◆ **DESCRIPTION OF THE TASK**
The finished copy must match the records exactly, except that it contains no pictures.

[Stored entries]
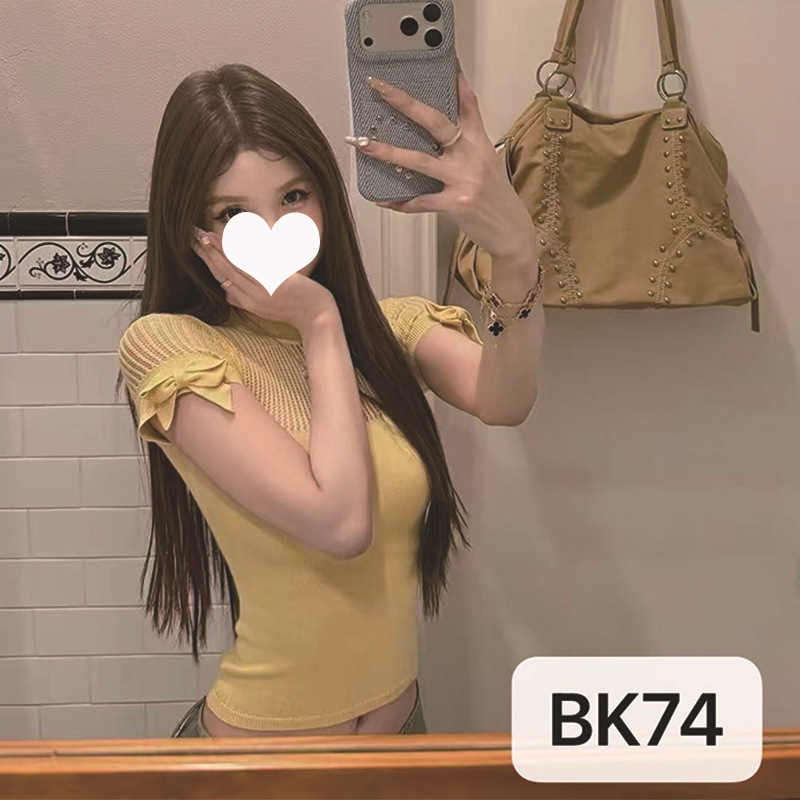 Bow-Knot Style Hollow-Out Round Neck Solid Color Short-Sleeve T-Shirt Knit Top, New Summer Fashion Versatile Stylish Top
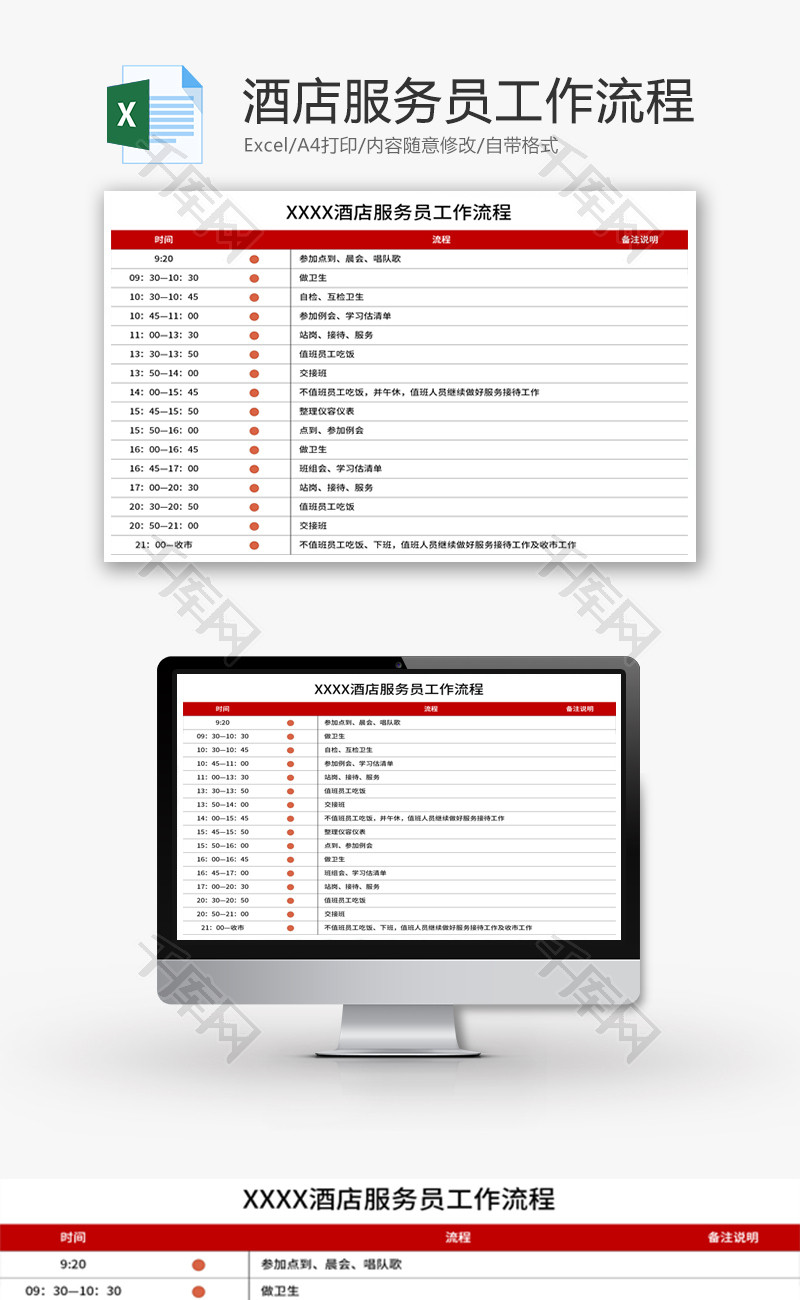 酒店服务员工作流程Excel模板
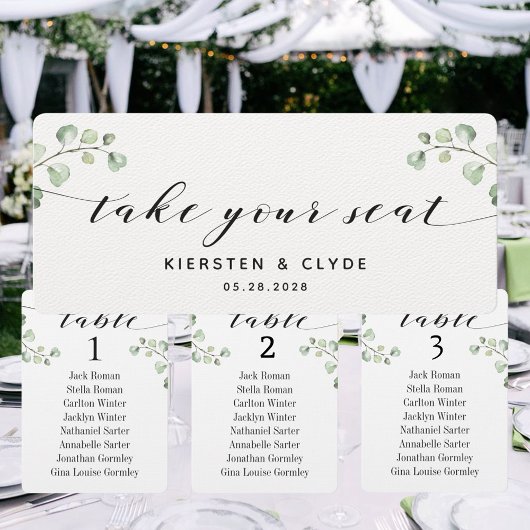 ブラックカリグラフィーグリーン　席へどうぞ　上位カード 招待状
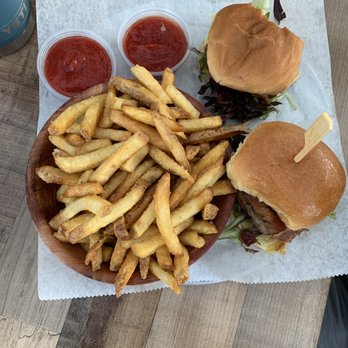 11th Street Station - BBQ Bacon Cheeseburger Sliders with Regular Fries - Bars Near Me - Durango, Colorado
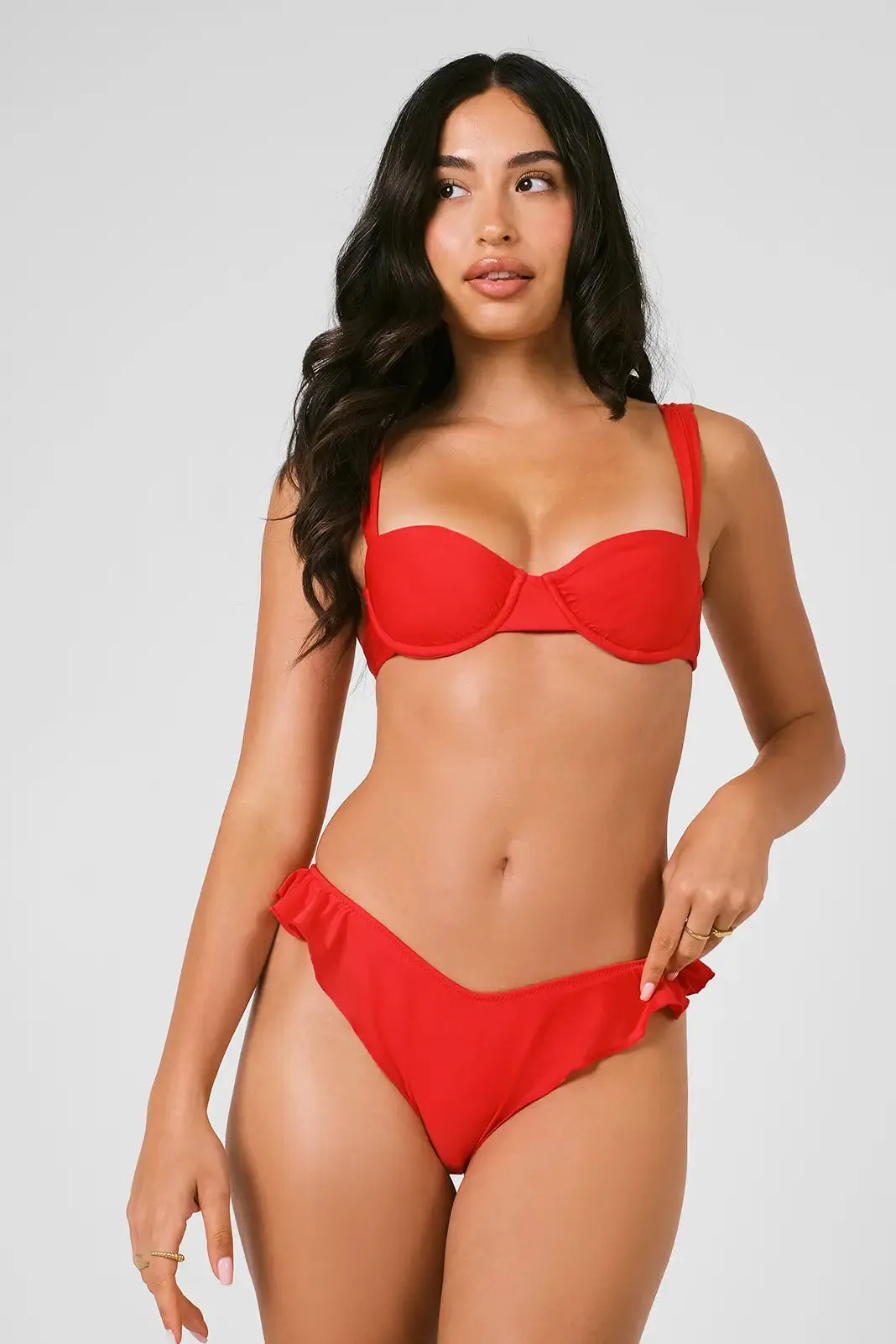 Elsie Ruffled Cheeky Bottoms / Red Hot Gloss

◆ **WRITTEN RESPONSE**
 Bow-Knot Style Hollow-Out Round Neck Solid Color Short-Sleeve T-Shirt Knit Top, New Summer Fashion Versatile Stylish Top
 酒店服务员工作流程Excel模板
 ブラックカリグラフィーグリーン　席へどうぞ　上位カード 招待状
 11th Street Station - BBQ Bacon Cheeseburger Sliders with Regular Fries - Bars Near Me - Durango, Colorado
 Elsie Ruffled Cheeky Bottoms / Red Hot Gloss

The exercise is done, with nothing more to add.